A copy of the General Regulations and Instructions Relative to Crown Lands issued in a Government Notice in August 1829, gives the following information:

"1st: The Territory is to be progressively divided into counties, hundreds, townships and sections.
2nd: In each county the Crown will reserve 200 sections for the liquidation of expenses. and 200 sections for meeting the expenditure of the county and for sites of towns, race courses and other similar uses."

The first recorded race meeting was held in Western Australia at Fremantle on 2 October 1833, although it was not until 1852 that the controlling body, The Western Australian Turf Club, was formed.

The Western Australian Turf Club

At a meeting convened by Colonel Reeves on 22 October 1852, "Twenty names were enrolled as forming The Club, with His Excellency the Governor (Captain Charles Fitzgerald R.N.) appointed patron.

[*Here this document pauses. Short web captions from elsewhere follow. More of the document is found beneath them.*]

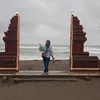 dinarkusumayanti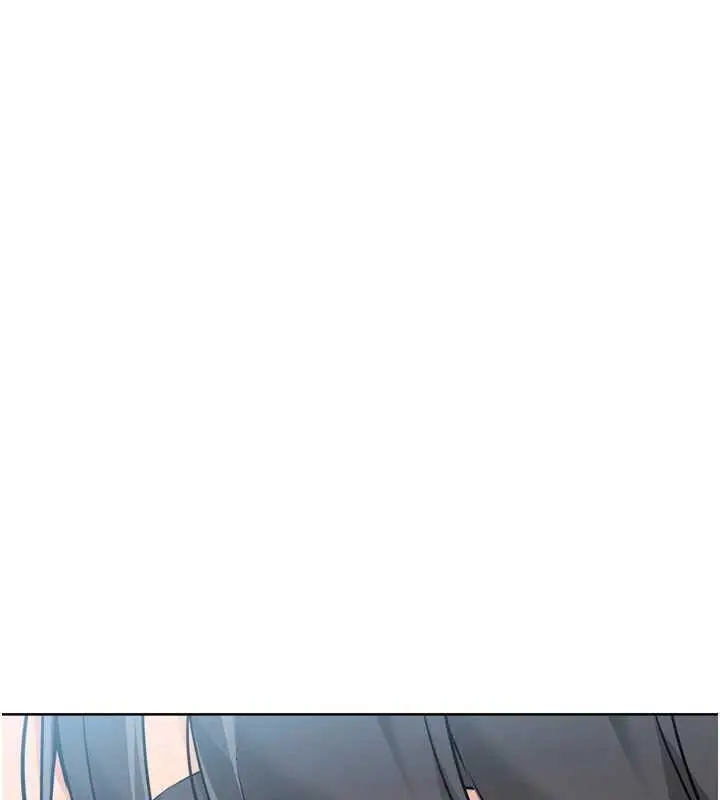 漫画《Set up!排球少女》第82话第9张图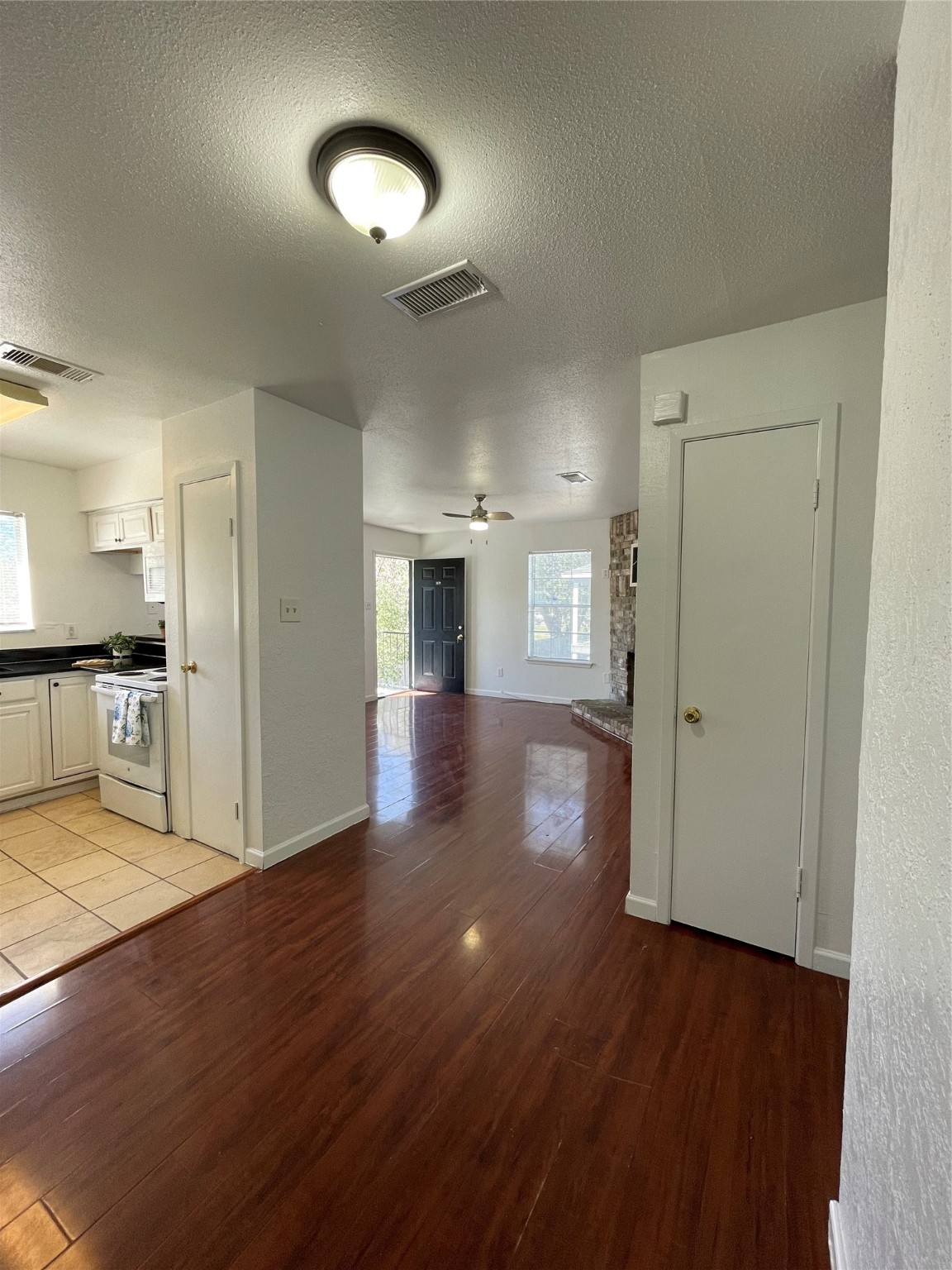 7679 Fallbrook Drive 7679 Property Photo 8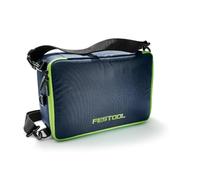 Festool Bolsa isotérmica ISOT-FT1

A committee was formed for the drawing up of racing rules of The Club and for making all further arrangements with reference to a racecourse."

The first record of a race meeting held subsequent to the formation of the WATC was a two day fixture in April 1853. The Queen's Plate, of fifty pounds, over three miles, was the big race. In 1879, the Metropolitan Handicap took over from The Queen's Plate as the main handicap race at the annual race meeting and in 1887 the Metropolitan gave way to the Perth Cup.

Great progress was made between 1852-1903, and it was in 1903 that the Perth Racecourse (Ascot) came into being. This brought the number of metropolitan courses to five, with racing also being conducted at Belmont Park, Canning Park, Goodwood and Helena Vale.

In 1917 an Act of Parliament gave The Western Australian Turf Club the power to control racing and all the Clubs then raced under WATC Rules although at that time all bar Ascot were privately owned.

In later years, the WATC took over the operations of Belmont Park (1944), Helena Vale and Goodwood (1945) and Canning Park in 1946. The government took over Canning Park in 1949 and Goodwood in 1950 and racing has since ceased at those venues. The last meeting at Helena Vale took place in 1969.

Membership of the WATC has always been popular and is on the increase again after reaching a low point during the 1980's.

The facilities at Lee-Steere House, named after long serving Chairman Sir Ernest Lee-Steere KBE, were opened in 1986 and today house state of the art computer systems and administrative operating equipment in a comfortable working environment.